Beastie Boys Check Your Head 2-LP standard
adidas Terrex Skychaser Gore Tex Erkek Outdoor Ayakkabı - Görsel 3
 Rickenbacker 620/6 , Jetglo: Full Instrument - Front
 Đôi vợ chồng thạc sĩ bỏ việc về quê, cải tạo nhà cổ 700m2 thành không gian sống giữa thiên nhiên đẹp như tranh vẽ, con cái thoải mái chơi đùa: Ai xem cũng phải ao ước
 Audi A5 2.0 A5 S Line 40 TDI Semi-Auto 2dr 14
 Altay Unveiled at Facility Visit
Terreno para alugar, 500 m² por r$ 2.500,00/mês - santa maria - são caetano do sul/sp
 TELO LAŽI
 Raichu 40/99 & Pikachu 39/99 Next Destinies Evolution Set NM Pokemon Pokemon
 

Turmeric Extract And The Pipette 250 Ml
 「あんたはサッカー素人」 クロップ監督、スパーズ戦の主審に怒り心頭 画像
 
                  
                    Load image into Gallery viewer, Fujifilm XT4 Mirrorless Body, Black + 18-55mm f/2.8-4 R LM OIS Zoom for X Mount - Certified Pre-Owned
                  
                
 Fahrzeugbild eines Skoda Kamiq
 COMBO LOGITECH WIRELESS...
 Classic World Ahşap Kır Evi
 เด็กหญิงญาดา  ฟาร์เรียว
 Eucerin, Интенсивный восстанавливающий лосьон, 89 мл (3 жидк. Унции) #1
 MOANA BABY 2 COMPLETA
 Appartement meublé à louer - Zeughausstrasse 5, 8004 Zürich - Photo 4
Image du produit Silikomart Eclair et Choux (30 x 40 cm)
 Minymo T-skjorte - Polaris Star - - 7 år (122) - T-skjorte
┄┄┄┄┄┄┄┄┄┄
What to produce »
Retype all of the material, keeping each line exact.

Expected output »
Beastie Boys Check Your Head 2-LP standard
adidas Terrex Skychaser Gore Tex Erkek Outdoor Ayakkabı - Görsel 3
 Rickenbacker 620/6 , Jetglo: Full Instrument - Front
 Đôi vợ chồng thạc sĩ bỏ việc về quê, cải tạo nhà cổ 700m2 thành không gian sống giữa thiên nhiên đẹp như tranh vẽ, con cái thoải mái chơi đùa: Ai xem cũng phải ao ước
 Audi A5 2.0 A5 S Line 40 TDI Semi-Auto 2dr 14
 Altay Unveiled at Facility Visit
Terreno para alugar, 500 m² por r$ 2.500,00/mês - santa maria - são caetano do sul/sp
 TELO LAŽI
 Raichu 40/99 & Pikachu 39/99 Next Destinies Evolution Set NM Pokemon Pokemon
 

Turmeric Extract And The Pipette 250 Ml
 「あんたはサッカー素人」 クロップ監督、スパーズ戦の主審に怒り心頭 画像
 
                  
                    Load image into Gallery viewer, Fujifilm XT4 Mirrorless Body, Black + 18-55mm f/2.8-4 R LM OIS Zoom for X Mount - Certified Pre-Owned
                  
                
 Fahrzeugbild eines Skoda Kamiq
 COMBO LOGITECH WIRELESS...
 Classic World Ahşap Kır Evi
 เด็กหญิงญาดา  ฟาร์เรียว
 Eucerin, Интенсивный восстанавливающий лосьон, 89 мл (3 жидк. Унции) #1
 MOANA BABY 2 COMPLETA
 Appartement meublé à louer - Zeughausstrasse 5, 8004 Zürich - Photo 4
Image du produit Silikomart Eclair et Choux (30 x 40 cm)
 Minymo T-skjorte - Polaris Star - - 7 år (122) - T-skjorte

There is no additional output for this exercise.